CHEYENNE, Wyo. — The Wyoming Education Association recently put forth a report looking into why teachers in the state are leaving the profession. 

The study was done by Mark Perkins, Ph.D., at the University of Wyoming College of Education with the Wyoming Education Association.

The report surveyed 700 teachers throughout the state, and the following information was found:

  • About 12% of the surveyed teachers said they were quitting teaching by the end of the school year. 65% of the teachers said that if they could quit, they would, but cannot due to financial or other reasons. 
  • The study also found that teachers with higher levels of anxiety and/or depression are more likely to want to quit teaching.
  • Community and professional support correlate with a desire to quit, and professional support has a greater effect on that desire.
  • Since COVID, teachers have seen longer work hours and more incidents of aggression.

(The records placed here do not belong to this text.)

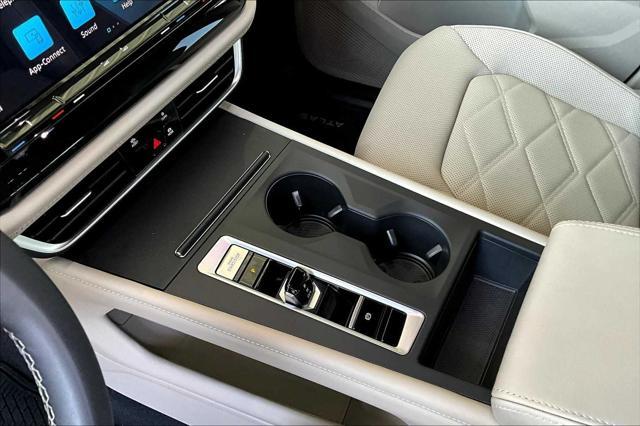 used 2024 Volkswagen Atlas car, priced at $33,700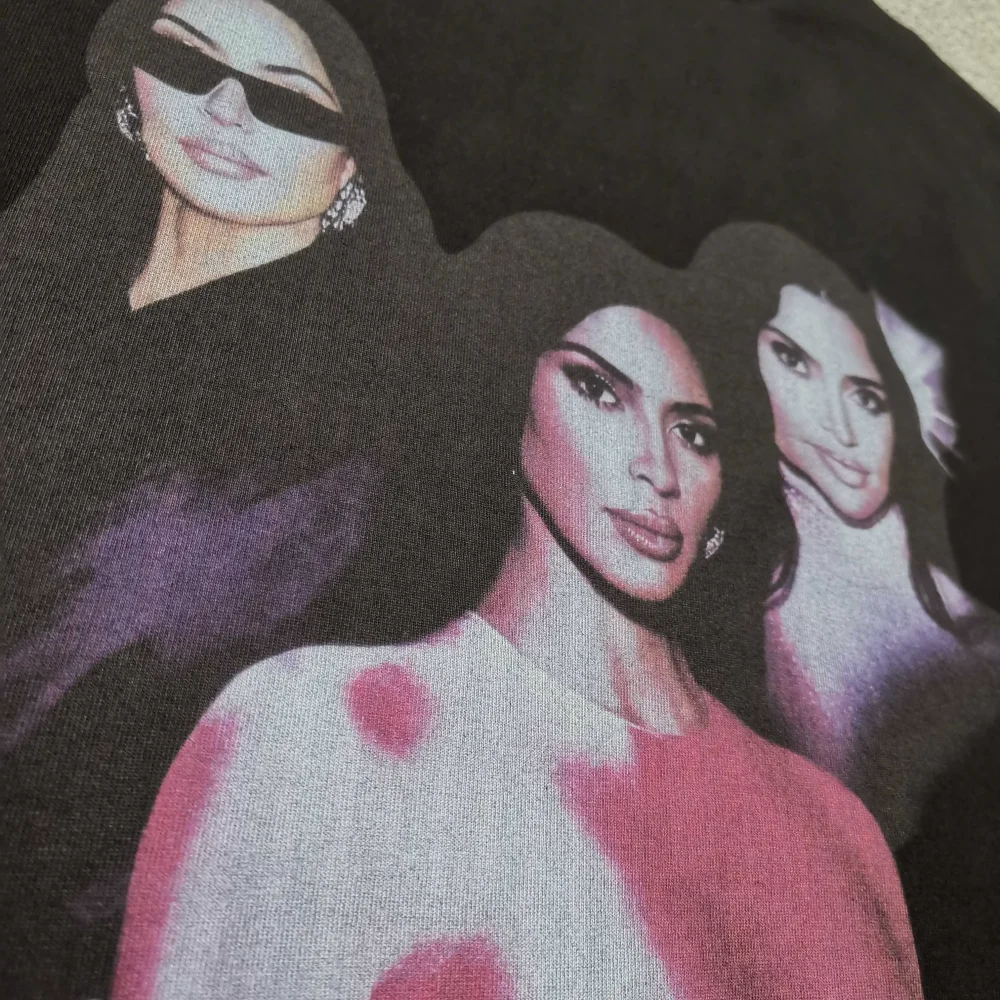 Balenciaga Kurzärmliges T-Shirt mit Brand Ambassador Fanclub-Schriftzug – Bild 7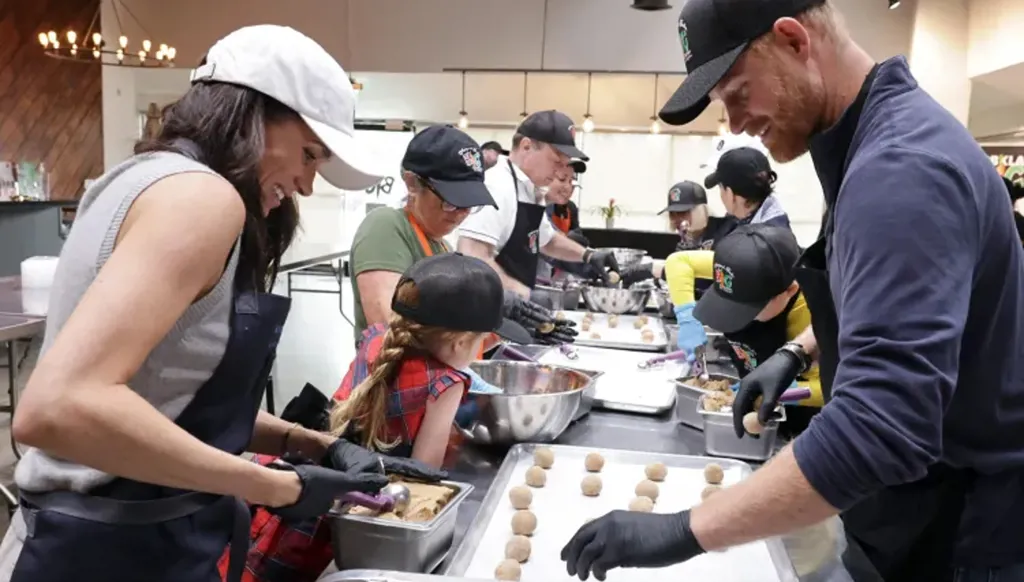 الأمير هاري وميغان ماركل يعلّمان طفليهما قيم العطاء في عيد الشكر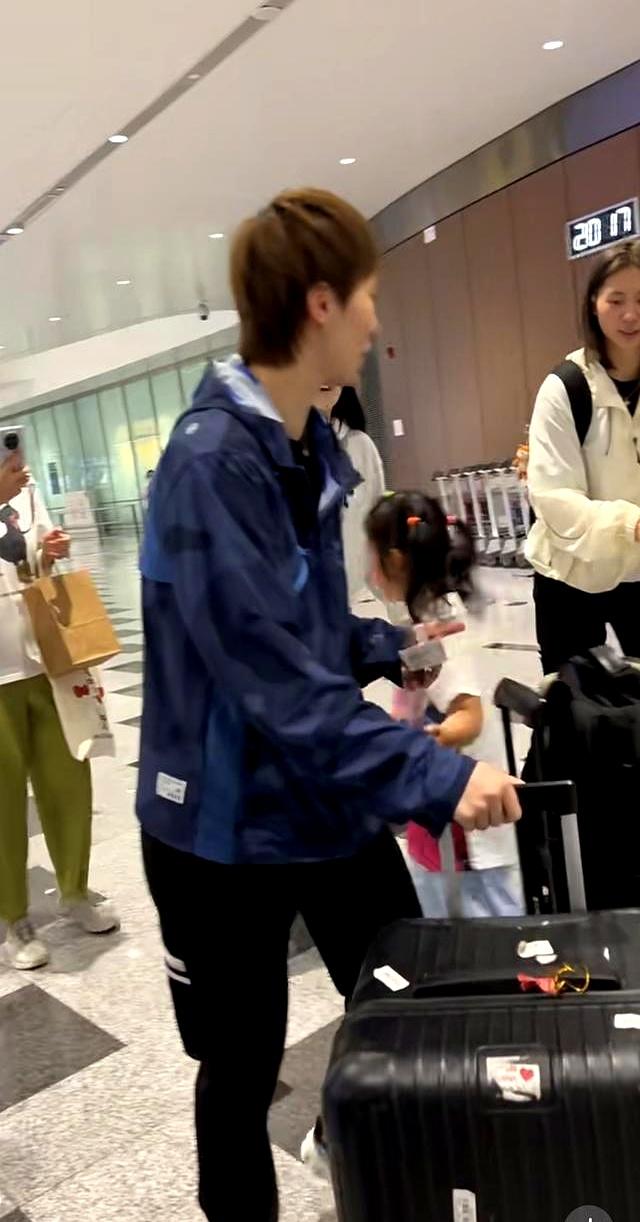 国乒落地北京，王曼昱收到小球迷送的蛋糕，为小球迷签名，林诗栋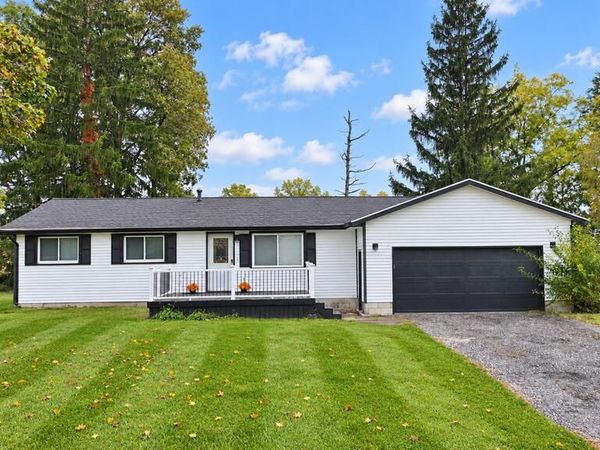 1008 Crestview Dr, Crestline, OH 44827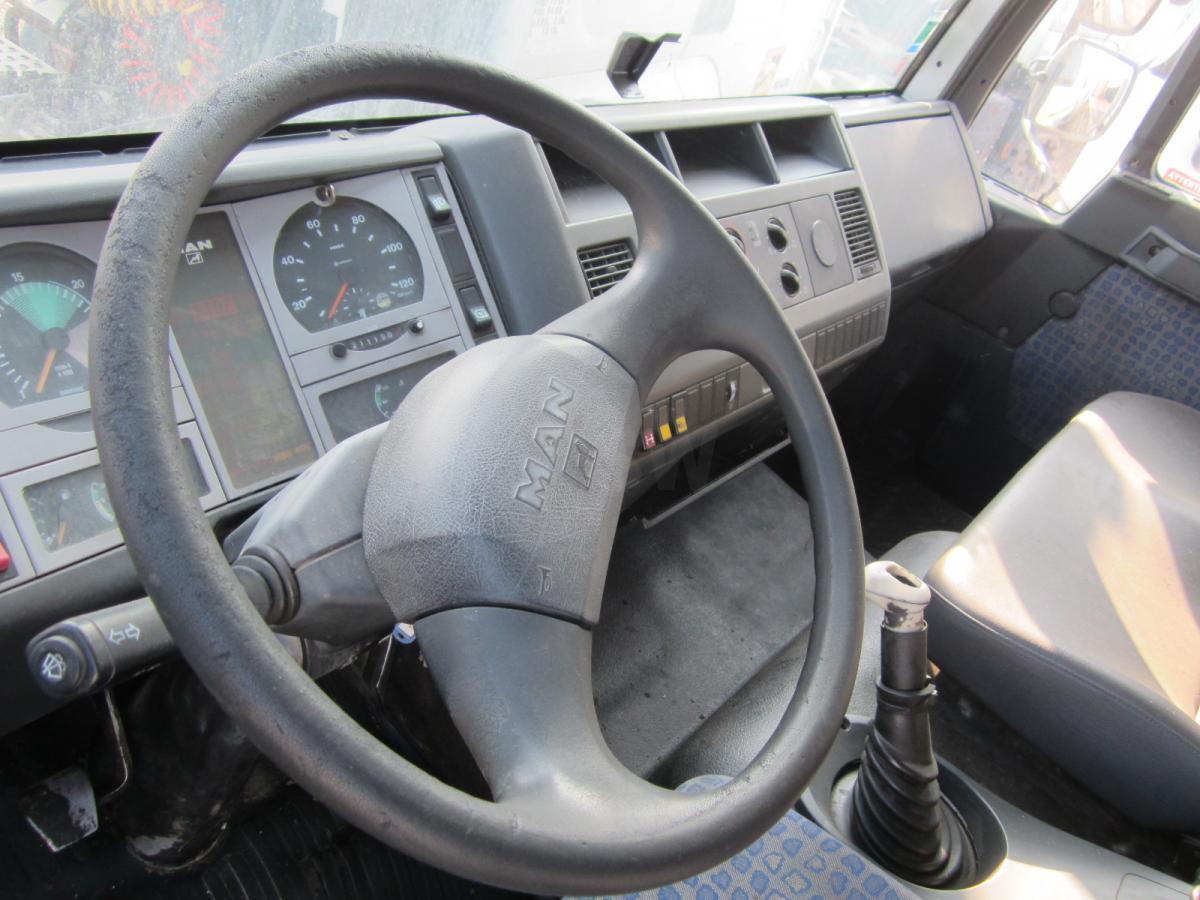 Camion fourgon MAN LE 160B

When asked, “If I could leave teaching entirely I would, but I feel I have to stay in teaching due to financial or other reasons,” the study found that teachers with anxiety and/or depression strongly agreed, with 21.59% of those who strongly agreed having depression and 15.39% experiencing anxiety. 


The depression and anxiety average was determined by The Beck’s Depression Inventory – Short Form and the General Anxiety Disorder-7 scales.

When asked, “My mental/emotional health makes me think about quitting teaching,” 41% of those surveyed agreed.

The teachers in the survey also reported how COVID-19 affected their working environments. They reported a decline in their mental health, the social climate of their schools, student behaviors and feelings of support. 

Teachers also reported an increase in physical and verbal attacks, as well as slight increases in self-reported incidences of harassment.